Os réus recorreram ao Tribunal de Justiça, que suspendeu a decisão de primeiro grau. Inconformada, a Defensoria Pública do estado interpôs Recurso Especial junto à 3ª Vice-Presidência do TJ, com vista ao Superior Tribunal de Justiça. O recurso foi admitido pela 3ª Vice-Presidência do TJ-RS em abril de 2015 e encaminhado ao Superior Tribunal de Justiça.

Tramitam ainda na 1ª Vara Cível Especializada em Fazenda Pública duas ações cautelares referentes ao bloqueio de bens dos réus na ação de indenização coletiva. Elas prosseguem em segredo de Justiça.

0271130010831-2 (cível)
Ação civil pública movida pelo Ministério Público contra os bombeiros Alex da Rocha Camilo, Altair de Freitas Cunha, Daniel da Silva Adriano e Moiséis da Silva Fuchs. Tramita na 4ª Vara Cível de Santa Maria e é conduzido pelo juiz Rafael Pagnon Cunha.

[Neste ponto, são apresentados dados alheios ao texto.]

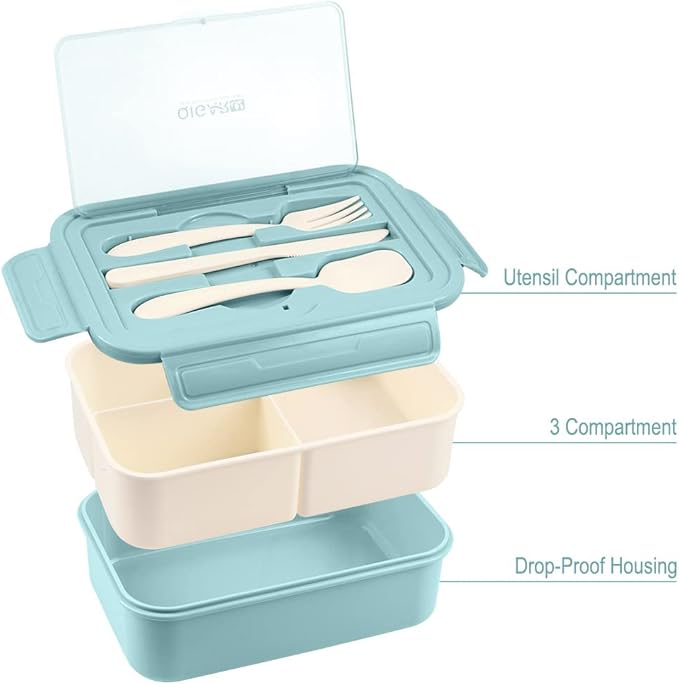 NatraProw Bento Box for Adult, 1400 ML Lunch Containers for Adults, LeakProof Lunch Box with Utensils, BPA Free, 3 Compartment Bento Box Microwave Safe, Light Blue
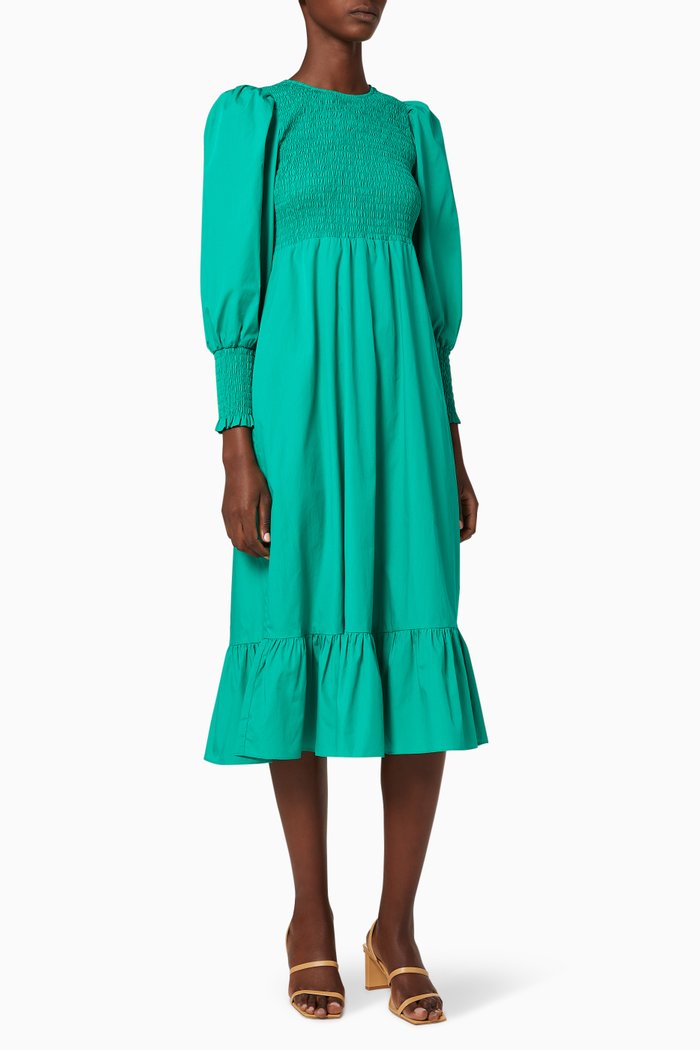

Karoline Smocked Cotton Dress, Green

Trata-se de ação por improbidade, pela qual os réus são acusados de utilizar apenas um programa de computador para o processamento de licenciamentos em detrimento dos demais procedimentos previstos em lei para tal finalidade.

Situação: vencida a etapa de exame de questões processuais (nulidade, prescrição), a fase de instrução será iniciada com a chamada para depoimentos de réus e testemunhas.

Também um número impreciso (provavelmente centenas) de ações individuais de indenização correm na Comarca de Santa Maria. Algumas delas foram julgadas em setembro de 2015. Com informações da Assessoria de Imprensa do TJ-RS.